Later on, I have had the opportunity to rebel and do as I pleased. I have been able to manage to get around on my own. I have been through moments of real hardships of money and identity and existence. I had the chance and not the shame to sleep with men, sometimes for money or just to feel loved and for a bit of attention. I was lucky to meet varied people in my life, whom made me discover other forms of art : painting, music, singing, african dances, writing, sport. I was lucky to have had a perfect body, to know it and to show it. I have been lucky to make true friends to whom I could confide in my joys and my sorrows and rely on them. Somewhat, I have also been lucky to go to prison because I can talk about it and there I could see where my ideal was, in prison or out of it.

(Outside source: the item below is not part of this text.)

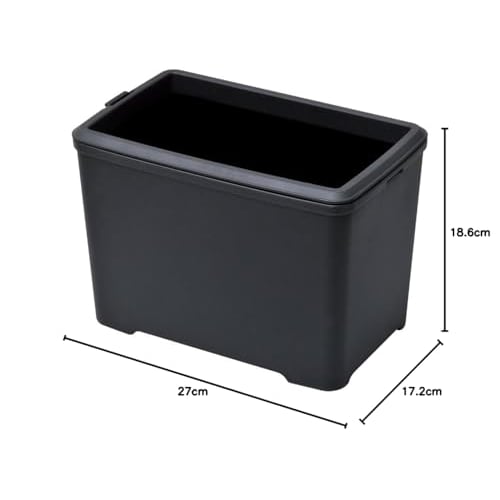 SEIWA Car Supplies Trash Can Dust Box L Ring with Weight Black W732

I was lucky to meet men whom have really loved me and vice versa, to hear comforting words and to receive gestures that heal. I have been able to have various jobs, some as voluntary worker and some renumerated.
Voluntary work : child minding, dog sitting, make bread and croissants, comfort brokenhearts, be in various charitable organizations (Me homeless) bringing bread and cakes but also respect to all the people around me (I mean the poor), or care for and love all sorts of creatures, big or small, beautiful or ugly, nice or nasty, domestic or wild.

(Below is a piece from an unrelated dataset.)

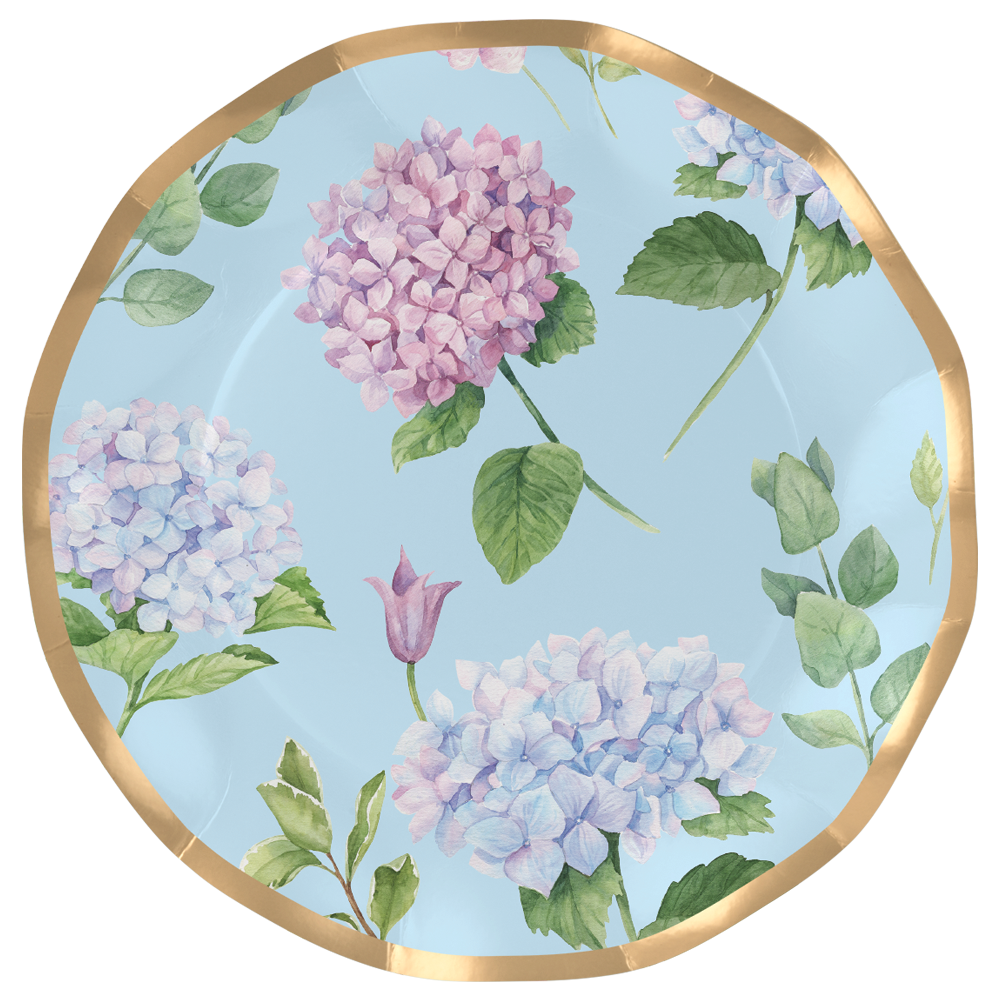 Wavy Dinner Plate Hydrangeas /8pkg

Renumerated work : plumber, barman, prostitute, stable boy, model, leaflets distribution, gardener, musician, decorator, stage manager of a short film, red coat in school holiday camps, lady’s hairdresser, country veterinary assistant, picker (grapes, apples, sugar canes), work in forests and more I will not mention.
Today and for the last three years I travel to the other side of the Atlantic, I have people I love very much and that I would not denigrate for no one and for nothing in the world. I am working part-time, I play the music I like, I am trying to respect equally all people and it’s not easy. I love a girl or rather the souvenir of having sat on a plane for 3 hours only, next to a girl smoking cigarettes after cigarettes, talking about our lives and wishes, ending by an exchange of addresses. I have been smoking for quite a long time, I had some laughs with this disgusting healing grass, good for man and animals, sometimes a killer for those who smoke it without understanding that it is not just a drug to eat or sleep or laugh like an idiot telling the others the effect the drug has on them. They talk of seeing pink elephants. They say it’s cool, as soon as they see a film on TV they want to do the same on the street. They say that they smoke to forget, they say it helps them to live, but for me it just makes me laugh.